1927 was a banner year in Roaring Twenties; Jazz Age America; the first trans-Atlantic telephone call; Lindbergh’s solo trans-Atlantic flight. In Michigan, the deadly Bath school-house bombing claimed four dozen lives. In Massachusetts, six years of legal appeals were finally exhausted, ending the lives of infamous anarchists Sacco and Vanzetti. And the Golden Age of silent movies came to an end with the premiere of the first talkie, Al Jolson’s The Jazz Singer.

That same year, the life of an obscure husband, father and magazine editor also came to an end, violently, in the wee hours of a Sunday morning in the upstairs bedroom of his home in the quiet suburban neighborhood of Queens Village east of New York City. Police believed the motive was burglary…for about five short minutes. Closer inspection of the premises and evidence soon fixed their suspicions on the victim’s younger, discontented wife.

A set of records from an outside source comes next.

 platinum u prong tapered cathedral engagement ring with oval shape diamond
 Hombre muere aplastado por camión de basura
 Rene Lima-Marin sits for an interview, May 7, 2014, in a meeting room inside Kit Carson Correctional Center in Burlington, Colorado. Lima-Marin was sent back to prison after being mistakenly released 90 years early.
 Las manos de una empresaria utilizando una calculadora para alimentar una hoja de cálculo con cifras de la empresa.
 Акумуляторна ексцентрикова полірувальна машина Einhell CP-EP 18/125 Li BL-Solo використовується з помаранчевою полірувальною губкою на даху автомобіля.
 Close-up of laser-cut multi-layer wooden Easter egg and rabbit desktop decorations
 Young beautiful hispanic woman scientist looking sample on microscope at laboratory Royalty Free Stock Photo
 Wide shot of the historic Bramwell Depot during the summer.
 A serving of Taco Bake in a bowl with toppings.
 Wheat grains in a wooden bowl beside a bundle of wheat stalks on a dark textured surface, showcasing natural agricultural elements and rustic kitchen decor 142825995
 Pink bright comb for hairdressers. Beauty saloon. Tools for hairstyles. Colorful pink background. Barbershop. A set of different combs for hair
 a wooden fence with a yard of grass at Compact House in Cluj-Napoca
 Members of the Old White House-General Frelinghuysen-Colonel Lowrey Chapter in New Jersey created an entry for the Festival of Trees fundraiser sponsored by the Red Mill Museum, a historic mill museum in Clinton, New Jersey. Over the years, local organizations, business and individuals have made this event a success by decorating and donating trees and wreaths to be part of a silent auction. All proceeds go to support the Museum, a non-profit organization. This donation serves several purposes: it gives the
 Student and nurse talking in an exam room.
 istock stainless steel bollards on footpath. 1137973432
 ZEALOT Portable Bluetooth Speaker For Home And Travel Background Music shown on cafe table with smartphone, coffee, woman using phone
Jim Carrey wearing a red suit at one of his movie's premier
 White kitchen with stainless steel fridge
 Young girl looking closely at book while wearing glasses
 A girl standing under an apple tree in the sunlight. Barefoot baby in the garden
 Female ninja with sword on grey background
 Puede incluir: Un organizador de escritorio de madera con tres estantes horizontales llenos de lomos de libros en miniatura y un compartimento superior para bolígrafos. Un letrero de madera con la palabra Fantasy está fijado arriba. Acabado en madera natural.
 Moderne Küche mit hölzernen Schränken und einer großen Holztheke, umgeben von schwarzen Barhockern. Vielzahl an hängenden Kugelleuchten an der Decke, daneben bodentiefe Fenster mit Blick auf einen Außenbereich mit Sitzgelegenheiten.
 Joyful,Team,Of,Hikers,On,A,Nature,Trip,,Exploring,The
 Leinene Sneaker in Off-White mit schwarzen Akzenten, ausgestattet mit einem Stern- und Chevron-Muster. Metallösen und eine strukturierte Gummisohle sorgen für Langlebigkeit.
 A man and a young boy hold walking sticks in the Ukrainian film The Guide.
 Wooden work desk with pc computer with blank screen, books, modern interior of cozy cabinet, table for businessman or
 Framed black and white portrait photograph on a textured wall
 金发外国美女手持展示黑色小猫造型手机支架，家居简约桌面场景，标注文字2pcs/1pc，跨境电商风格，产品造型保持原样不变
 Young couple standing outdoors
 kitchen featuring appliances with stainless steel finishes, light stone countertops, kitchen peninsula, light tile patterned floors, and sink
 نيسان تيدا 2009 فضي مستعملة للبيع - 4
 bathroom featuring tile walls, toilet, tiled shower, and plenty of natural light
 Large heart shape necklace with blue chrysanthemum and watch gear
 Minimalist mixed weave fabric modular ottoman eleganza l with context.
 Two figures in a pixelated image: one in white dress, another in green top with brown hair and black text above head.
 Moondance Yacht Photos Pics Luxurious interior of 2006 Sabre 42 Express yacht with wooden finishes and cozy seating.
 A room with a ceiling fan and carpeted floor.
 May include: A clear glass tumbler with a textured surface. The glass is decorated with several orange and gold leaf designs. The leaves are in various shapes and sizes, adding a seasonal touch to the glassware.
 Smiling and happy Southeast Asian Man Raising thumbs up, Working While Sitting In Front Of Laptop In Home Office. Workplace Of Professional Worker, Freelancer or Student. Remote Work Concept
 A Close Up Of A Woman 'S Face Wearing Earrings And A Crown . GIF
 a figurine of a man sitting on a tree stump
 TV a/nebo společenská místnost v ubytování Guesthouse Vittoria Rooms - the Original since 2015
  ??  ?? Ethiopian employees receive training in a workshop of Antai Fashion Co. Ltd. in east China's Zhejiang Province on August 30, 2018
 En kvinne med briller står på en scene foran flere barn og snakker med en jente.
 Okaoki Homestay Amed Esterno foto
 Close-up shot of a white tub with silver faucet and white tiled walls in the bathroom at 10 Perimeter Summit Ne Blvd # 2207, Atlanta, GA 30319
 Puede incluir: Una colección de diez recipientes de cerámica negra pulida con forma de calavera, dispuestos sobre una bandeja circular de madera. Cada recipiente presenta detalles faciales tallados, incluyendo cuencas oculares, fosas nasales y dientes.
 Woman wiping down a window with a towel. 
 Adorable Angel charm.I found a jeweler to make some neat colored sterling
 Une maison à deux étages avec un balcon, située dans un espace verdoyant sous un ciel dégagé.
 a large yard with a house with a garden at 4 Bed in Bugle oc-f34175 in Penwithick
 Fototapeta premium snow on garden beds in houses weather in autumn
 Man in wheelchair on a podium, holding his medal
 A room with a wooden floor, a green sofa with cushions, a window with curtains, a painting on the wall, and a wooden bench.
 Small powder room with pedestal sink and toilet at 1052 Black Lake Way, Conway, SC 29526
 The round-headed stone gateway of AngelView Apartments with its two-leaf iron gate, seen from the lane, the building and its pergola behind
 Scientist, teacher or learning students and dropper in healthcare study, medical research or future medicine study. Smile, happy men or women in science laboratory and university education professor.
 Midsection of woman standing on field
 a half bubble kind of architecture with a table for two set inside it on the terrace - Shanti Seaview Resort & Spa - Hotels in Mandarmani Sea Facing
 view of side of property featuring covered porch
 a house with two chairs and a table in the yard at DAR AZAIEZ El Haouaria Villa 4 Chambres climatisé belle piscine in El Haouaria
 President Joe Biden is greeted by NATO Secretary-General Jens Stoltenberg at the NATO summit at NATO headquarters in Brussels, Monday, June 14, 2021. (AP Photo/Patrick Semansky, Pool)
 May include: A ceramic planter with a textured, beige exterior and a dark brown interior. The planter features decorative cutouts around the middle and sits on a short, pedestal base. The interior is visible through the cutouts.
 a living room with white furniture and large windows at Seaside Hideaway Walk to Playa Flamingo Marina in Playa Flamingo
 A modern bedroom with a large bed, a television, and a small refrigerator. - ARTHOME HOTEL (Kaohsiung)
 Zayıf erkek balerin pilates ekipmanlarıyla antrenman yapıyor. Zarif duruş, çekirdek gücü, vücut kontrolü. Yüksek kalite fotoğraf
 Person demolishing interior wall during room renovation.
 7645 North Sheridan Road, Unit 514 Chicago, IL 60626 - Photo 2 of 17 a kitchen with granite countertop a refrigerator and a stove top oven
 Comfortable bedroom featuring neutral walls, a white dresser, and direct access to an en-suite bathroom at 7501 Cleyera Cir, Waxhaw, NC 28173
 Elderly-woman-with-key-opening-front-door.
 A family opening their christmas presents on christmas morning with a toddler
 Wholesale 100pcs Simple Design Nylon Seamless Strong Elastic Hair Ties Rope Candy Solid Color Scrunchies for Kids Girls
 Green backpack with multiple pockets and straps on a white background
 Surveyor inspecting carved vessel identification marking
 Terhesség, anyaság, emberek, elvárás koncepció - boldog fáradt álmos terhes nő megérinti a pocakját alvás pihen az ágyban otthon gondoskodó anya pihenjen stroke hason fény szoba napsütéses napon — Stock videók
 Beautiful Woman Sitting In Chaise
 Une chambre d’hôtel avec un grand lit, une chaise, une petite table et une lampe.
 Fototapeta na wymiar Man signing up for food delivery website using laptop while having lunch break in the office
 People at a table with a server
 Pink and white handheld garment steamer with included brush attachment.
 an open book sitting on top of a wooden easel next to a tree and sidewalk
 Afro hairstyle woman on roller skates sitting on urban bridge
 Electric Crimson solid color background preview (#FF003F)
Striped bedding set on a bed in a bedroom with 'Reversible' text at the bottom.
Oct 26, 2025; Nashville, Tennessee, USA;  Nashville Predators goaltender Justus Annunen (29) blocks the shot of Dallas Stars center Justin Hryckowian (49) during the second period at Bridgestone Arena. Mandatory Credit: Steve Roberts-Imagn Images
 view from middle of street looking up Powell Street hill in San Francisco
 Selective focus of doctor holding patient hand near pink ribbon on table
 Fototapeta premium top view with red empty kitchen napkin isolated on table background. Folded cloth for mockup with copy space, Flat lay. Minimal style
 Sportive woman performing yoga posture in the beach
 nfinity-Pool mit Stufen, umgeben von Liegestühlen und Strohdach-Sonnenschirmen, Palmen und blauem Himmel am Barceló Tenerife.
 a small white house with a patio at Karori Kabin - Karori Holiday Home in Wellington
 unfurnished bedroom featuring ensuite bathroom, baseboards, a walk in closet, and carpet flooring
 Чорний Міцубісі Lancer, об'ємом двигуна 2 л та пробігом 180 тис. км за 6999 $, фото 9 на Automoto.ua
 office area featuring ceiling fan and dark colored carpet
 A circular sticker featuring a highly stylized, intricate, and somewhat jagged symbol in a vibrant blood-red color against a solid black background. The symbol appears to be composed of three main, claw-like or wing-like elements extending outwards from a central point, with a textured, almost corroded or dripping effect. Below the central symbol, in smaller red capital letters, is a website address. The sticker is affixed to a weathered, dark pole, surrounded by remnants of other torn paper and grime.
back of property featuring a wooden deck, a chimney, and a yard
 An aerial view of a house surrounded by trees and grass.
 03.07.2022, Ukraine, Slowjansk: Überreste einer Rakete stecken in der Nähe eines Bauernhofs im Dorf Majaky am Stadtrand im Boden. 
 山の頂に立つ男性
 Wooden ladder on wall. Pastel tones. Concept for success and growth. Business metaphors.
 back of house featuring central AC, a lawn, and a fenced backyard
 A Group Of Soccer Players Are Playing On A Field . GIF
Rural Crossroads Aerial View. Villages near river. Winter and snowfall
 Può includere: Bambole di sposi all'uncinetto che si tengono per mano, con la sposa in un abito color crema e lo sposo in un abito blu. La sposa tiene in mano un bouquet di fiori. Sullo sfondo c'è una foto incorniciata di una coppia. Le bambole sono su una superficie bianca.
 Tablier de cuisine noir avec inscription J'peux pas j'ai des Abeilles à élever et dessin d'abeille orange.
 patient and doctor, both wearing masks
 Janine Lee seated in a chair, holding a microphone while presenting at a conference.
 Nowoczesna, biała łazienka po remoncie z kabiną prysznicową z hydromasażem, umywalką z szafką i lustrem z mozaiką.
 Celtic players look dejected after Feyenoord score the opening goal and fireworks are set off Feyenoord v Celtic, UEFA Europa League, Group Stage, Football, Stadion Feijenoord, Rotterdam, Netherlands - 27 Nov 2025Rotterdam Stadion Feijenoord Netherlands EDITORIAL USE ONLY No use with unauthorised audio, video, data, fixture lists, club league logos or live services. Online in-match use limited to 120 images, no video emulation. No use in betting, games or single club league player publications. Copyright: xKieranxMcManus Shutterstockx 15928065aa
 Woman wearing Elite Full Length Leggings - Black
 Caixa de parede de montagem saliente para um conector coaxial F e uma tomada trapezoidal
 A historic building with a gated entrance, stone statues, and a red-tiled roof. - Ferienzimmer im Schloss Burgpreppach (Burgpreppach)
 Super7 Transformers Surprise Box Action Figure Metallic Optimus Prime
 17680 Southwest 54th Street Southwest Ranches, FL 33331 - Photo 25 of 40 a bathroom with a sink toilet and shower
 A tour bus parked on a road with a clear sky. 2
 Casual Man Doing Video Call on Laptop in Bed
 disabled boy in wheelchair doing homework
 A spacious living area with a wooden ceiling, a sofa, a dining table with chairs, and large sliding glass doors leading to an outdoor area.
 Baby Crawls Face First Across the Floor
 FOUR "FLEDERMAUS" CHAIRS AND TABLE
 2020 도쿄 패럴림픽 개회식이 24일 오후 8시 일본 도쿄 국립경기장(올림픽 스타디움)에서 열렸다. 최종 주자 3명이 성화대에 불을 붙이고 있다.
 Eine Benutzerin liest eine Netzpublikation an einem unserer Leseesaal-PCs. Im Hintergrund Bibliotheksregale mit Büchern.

What would today be a run-of-the-mill murder of a spouse for a life insurance payout dominated the national headlines for the next ten months as Ruth Snyder and her hapless lover Judd Gray confessed, recanted, mutually pointed fingers of guilt, stood trial before standing-room-only galleries, were convicted by a jury and then delivered to the death house at New York’s dreaded Sing Sing Prison for a spectacular double execution.

And in the aftermath, public sensibilities were shocked by a startlingly horrific landmark in American photojournalism…the front-page Daily News photo snapped with a hidden ankle camera smuggled into the death chamber, capturing the moment 2,000 volts of electricity were administered as lethal punishment to the victim’s adulterous, murderous mate.

The classic 1944 film noir Double Indemnity starring Barbara Stanwyck, Fred MacMurray and Edward G. Robinson is based on the sensational case.